Saved data entries:
____

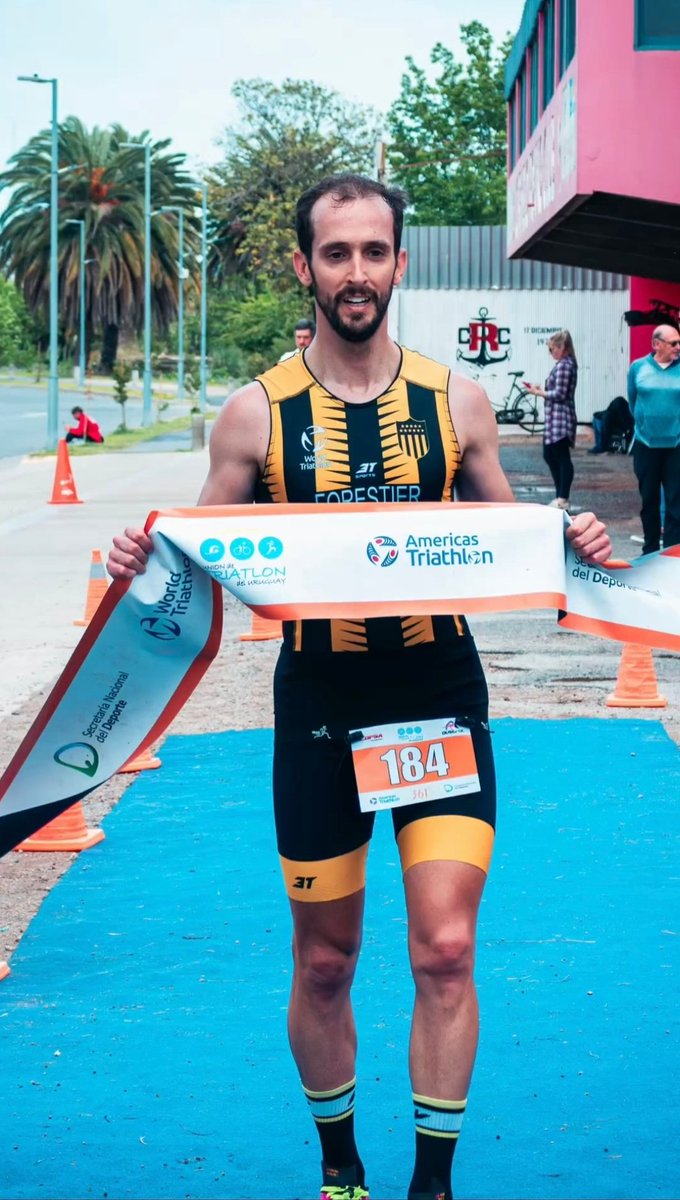 1er Puesto en la 7ma Fecha del Campeonato Nacional de Duatlón en Carmelo. Mi 4to año consecutivo ganando en ese circuito y mi séptimo triunfo en el año! 7/7 👊🏻🖤💛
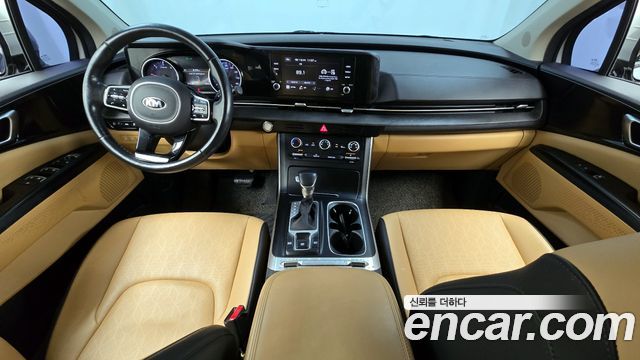 Kia Canival 2021 — photo 7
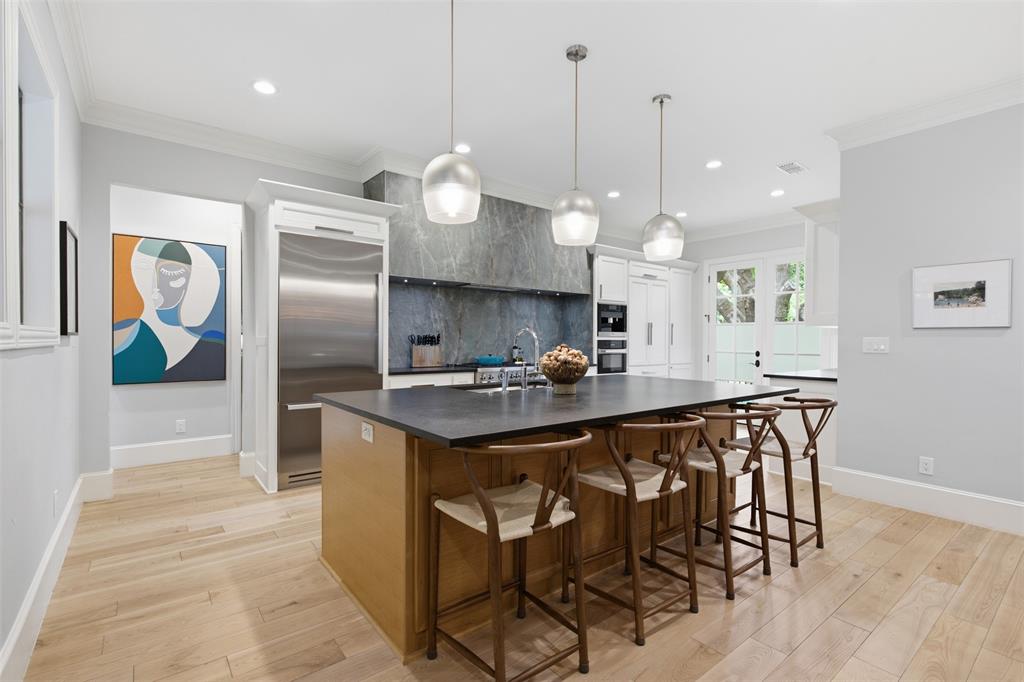 Casa Linda Estates - Residential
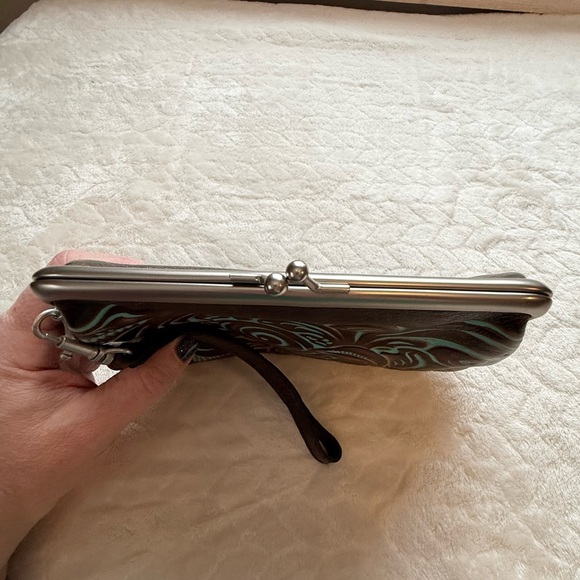 Patricia Nash Kisslock Wristlet, NWOT, Turquoise and Brown Embossed - Picture 3 of 14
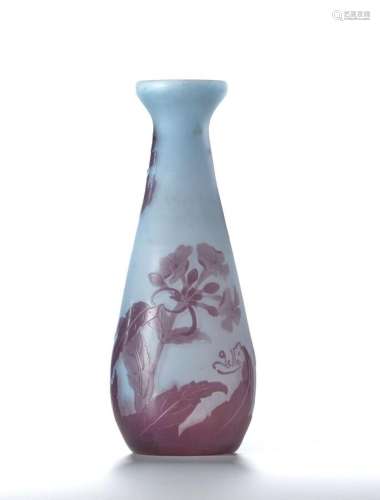 Etablissements GALLE,Vase en verre doublé à décor dégagé à l...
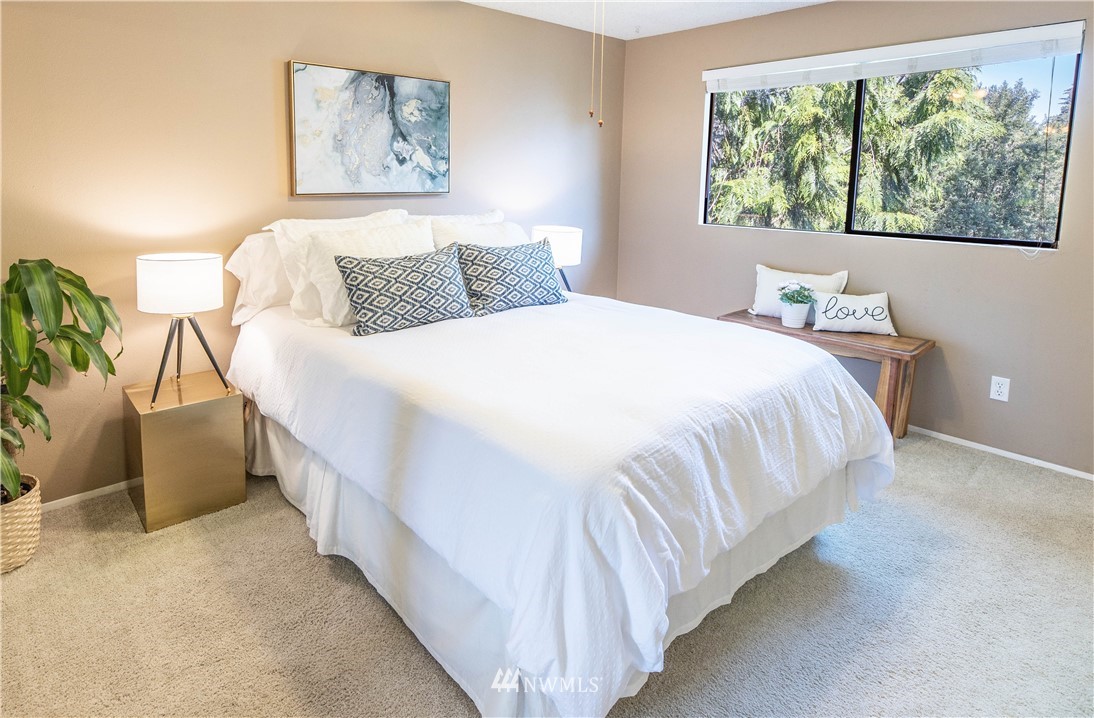 18609 126th Place Southeast Renton, WA 98058 - Photo 10 of 37 Gallery Image 10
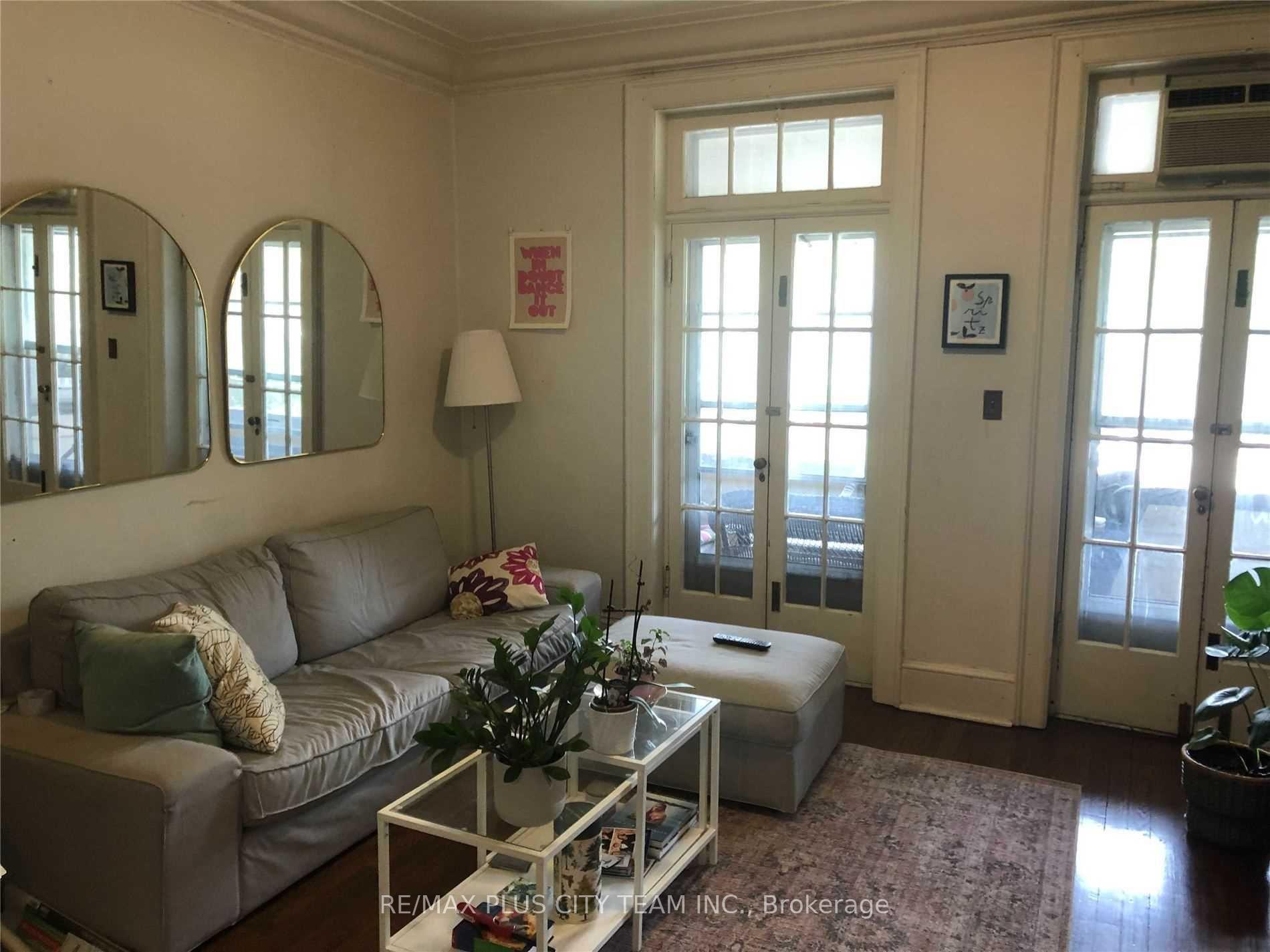 Photo 2 of Unit 4, 291 St George Street, Toronto, The Annex — HOMEH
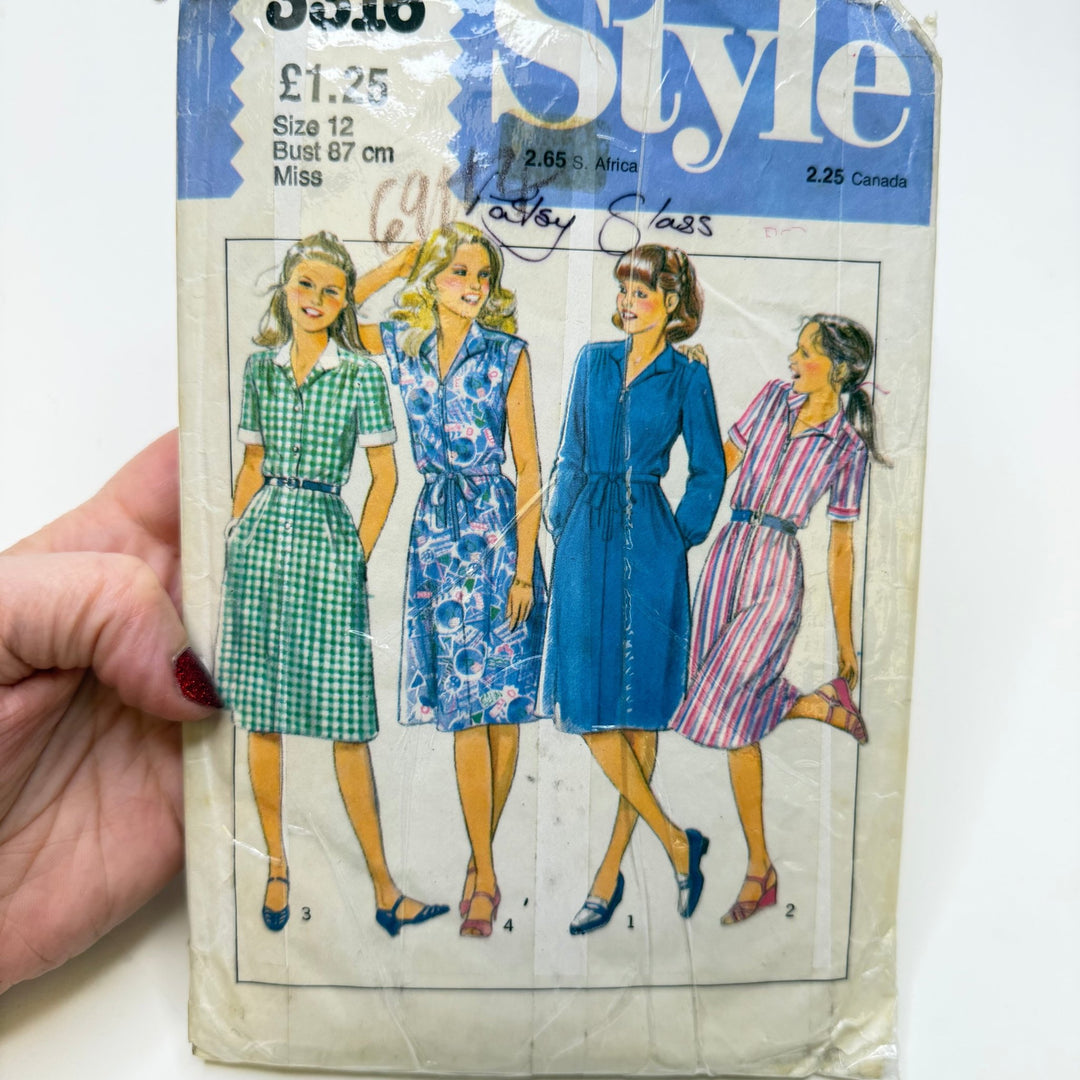Sewing Pattern - Womenswear - Style 3316 - True Deadstock supplies Fabric by private - Sustainable Textile | FABCYCLE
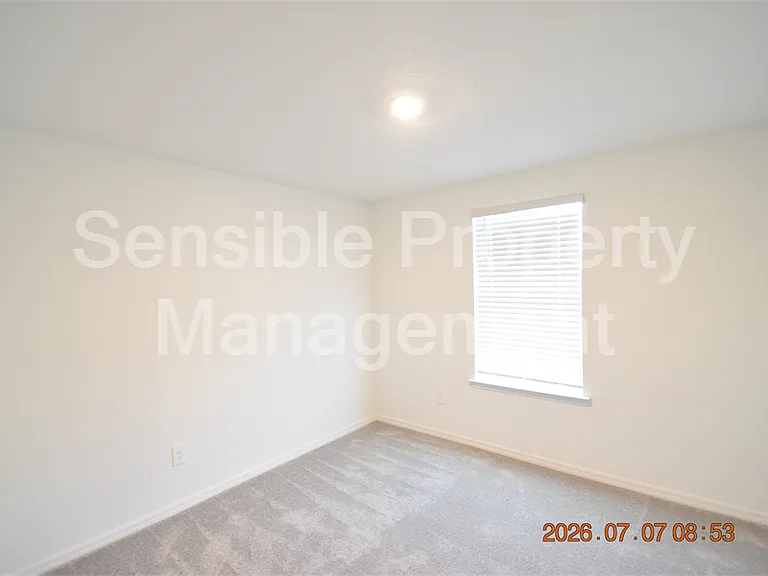 10056 Blazing Saddles Dr — Photo 4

____

§ **Exercise**
The answer must be the lines of the entries above, written out exactly from the first through the one with "Patricia Nash Kisslock", and no pictures.

§ **Answer below**
 1er Puesto en la 7ma Fecha del Campeonato Nacional de Duatlón en Carmelo. Mi 4to año consecutivo ganando en ese circuito y mi séptimo triunfo en el año! 7/7 👊🏻🖤💛
 Kia Canival 2021 — photo 7
 Casa Linda Estates - Residential
 Patricia Nash Kisslock Wristlet, NWOT, Turquoise and Brown Embossed - Picture 3 of 14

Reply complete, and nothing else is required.